Officially the worst condition set of brakes I have seen in my professional career. Customer insisted on driving his kids to school tomorrow. It's not going to start when he tries????????. pic.twitter.com/KV5xHobTY4
— Willie D Jenkins (@WillieDJenkins1) December 5, 2022
It’s a dangerous thing to do ,as disabling a vehicle isn’t the most legal thing in the world, but Jenkins considered it the morally correct thing to do to keep the children—and anyone else around the car—safe. “It’s not going to start when he tries,” reads Jenkins’ tweet above.
It’s a tough situation and one we can’t endorse ourselves, obviously. Not to say this is what happened here, but we all know people who have deferred essential but expensive maintenance because they’ve fallen on hard times, yet still have to get to work on time and make sure the children get to school. Our car-centric society puts this burden on people, and it’s not an easy one to navigate when life throws some hard punches your way. Still, there is no denying that, based on hte photos we see here, this car appears utterly unsafe — a risk to its driver and the people in it.
I’d love to know what you, dear Autopian readers, would do if you ended up in this situation.
But there’s a happy ending here: the driver ultimately listened, made no attempt to drive the car, and agreed to repairs. Jenkins agreed to do the job as cheaply as he could; he broke down the parts he planned to use, sourcing them from RockAuto:
As cheap as I can do it. Core charges and shipping are similar. pic.twitter.com/BzxiEFpb0F
— Willie D Jenkins (@WillieDJenkins1) December 5, 2022
Jenkins says he started his mobile repair business to help people who can’t afford repairs, and that it’s quite likely that the owner of this vehicle wasn’t able to afford repairs from a traditional shop when the brakes started making noise. However, you’d think the driver had to notice the noise, lack of stopping power, or potential sparks at some point, which means that driving this around was a willful act. As Jenkins put it, “It don’t take a rocket scientist to say ‘Hey, that don’t sound right.’” It’s also far from the standard scenario that Jenkins is used to seeing:
Usually it works like this: The customer will get a brake noise or something, he’ll know it’s time for brakes ‘cause Les Schwab, our local tire place, will tell him, “Hey, it’s time for brakes.” And Les Schwab will write him a quote on that. Les Schwab does good work, but you’re looking at hundreds of dollars to get the complete brake job. They probably would’ve said $500 a corner on it by the time they were done. Normally that scares people to death, so they know they’ve got a problem, they drive home. Then I get the phone call.

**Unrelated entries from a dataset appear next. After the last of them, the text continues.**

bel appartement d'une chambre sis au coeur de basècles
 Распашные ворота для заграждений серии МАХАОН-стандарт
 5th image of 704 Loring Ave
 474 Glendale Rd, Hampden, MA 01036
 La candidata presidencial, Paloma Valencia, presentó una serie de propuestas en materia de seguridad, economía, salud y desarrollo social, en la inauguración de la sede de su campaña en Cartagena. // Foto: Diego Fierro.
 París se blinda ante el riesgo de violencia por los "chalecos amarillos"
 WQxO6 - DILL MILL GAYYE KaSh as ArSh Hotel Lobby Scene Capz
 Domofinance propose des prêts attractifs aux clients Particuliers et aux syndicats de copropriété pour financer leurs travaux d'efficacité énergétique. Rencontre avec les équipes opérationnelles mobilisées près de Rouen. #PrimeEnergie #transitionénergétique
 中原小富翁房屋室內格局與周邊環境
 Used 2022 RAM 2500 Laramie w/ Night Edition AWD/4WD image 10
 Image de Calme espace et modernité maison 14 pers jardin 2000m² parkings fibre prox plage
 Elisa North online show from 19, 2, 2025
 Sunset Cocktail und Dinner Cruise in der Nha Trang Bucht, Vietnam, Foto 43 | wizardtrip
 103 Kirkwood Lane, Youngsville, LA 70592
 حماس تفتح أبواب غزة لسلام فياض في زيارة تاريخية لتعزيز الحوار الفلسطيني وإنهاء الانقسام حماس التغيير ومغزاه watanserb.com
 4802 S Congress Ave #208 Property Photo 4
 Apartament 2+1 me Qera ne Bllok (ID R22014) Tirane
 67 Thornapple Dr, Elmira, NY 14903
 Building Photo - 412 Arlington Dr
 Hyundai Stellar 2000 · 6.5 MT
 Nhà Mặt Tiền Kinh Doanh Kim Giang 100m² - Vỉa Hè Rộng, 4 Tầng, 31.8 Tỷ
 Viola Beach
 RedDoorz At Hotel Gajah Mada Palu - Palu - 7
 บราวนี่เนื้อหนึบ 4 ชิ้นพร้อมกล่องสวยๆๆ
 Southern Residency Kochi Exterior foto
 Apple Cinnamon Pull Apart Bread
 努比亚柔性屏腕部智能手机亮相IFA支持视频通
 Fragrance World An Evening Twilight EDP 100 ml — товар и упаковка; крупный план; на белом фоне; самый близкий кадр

Due in part to the customer’s deferral of maintenance, that Honda will now require new calipers, new pads, new discs — pretty much a new brake system at every wheel. It’s a tough lesson for the owner, who is apparently going trough some financial stresses, and while that’s sad, the good news is that — should everything go through — there will be one less deathtrap on the roads of Oregon.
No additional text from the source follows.